In general, this performance succeeded most fully in the large-frame movements where all present were involved; the early Dixit Dominus and Laudate pueri impressed for the vivid power of the dozen female voices while the tenor thread in Lauda Jerusalem came over with a quietly resonant consistency, although the concluding doxology to this movement turned out to be the performance highlight for me, particularly striking for the precision of the off-beat entries during the last Amen pages.

The last time I heard this work, at the opening to the 2014 Organs of the Ballarat Goldfields Festival, conductor Gary Ekkel used soloists of some stature for the motet/concerto movements that interleave the psalms of these vespers.  O’Donnell followed his usual practice of giving all solo lines to his Gombert members; although the choir was slightly expanded in size for this occasion, as far as I could tell everyone took part in the choral movements.
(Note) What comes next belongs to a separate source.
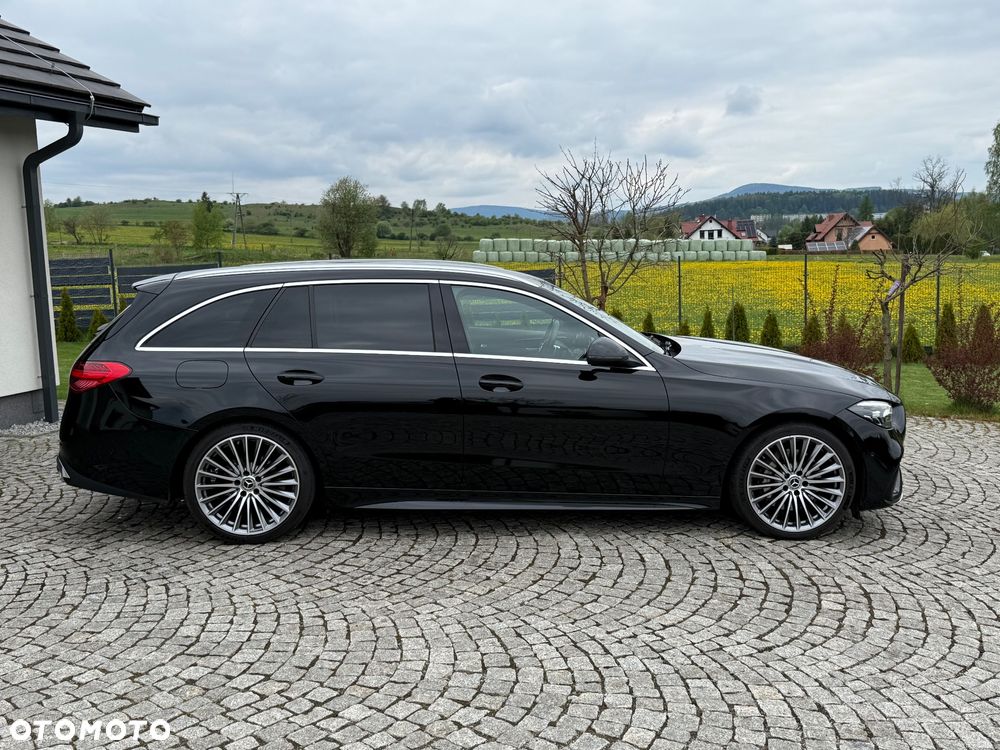 Mercedes-Benz Klasa C 220 d 9G-TRONIC AMG Line - 7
Much of the night’s weight fell on tenor Tim van Nooten who expounded the solo Nigra sum, shared the Duo Seraphim with Vaughan McAlley (and, later, with Peter Campbell) and took on the main burden of Audi coelum.  His voice is hard to characterise: clean and carrying, not aggressive in attack, holding something of a countertenor’s detachment but without any stridency.  The only noticeable problem – and that appeared mainly in his early solos – was a running-out of breath, so that the endings of certain phrases verged on the dangerously tenuous.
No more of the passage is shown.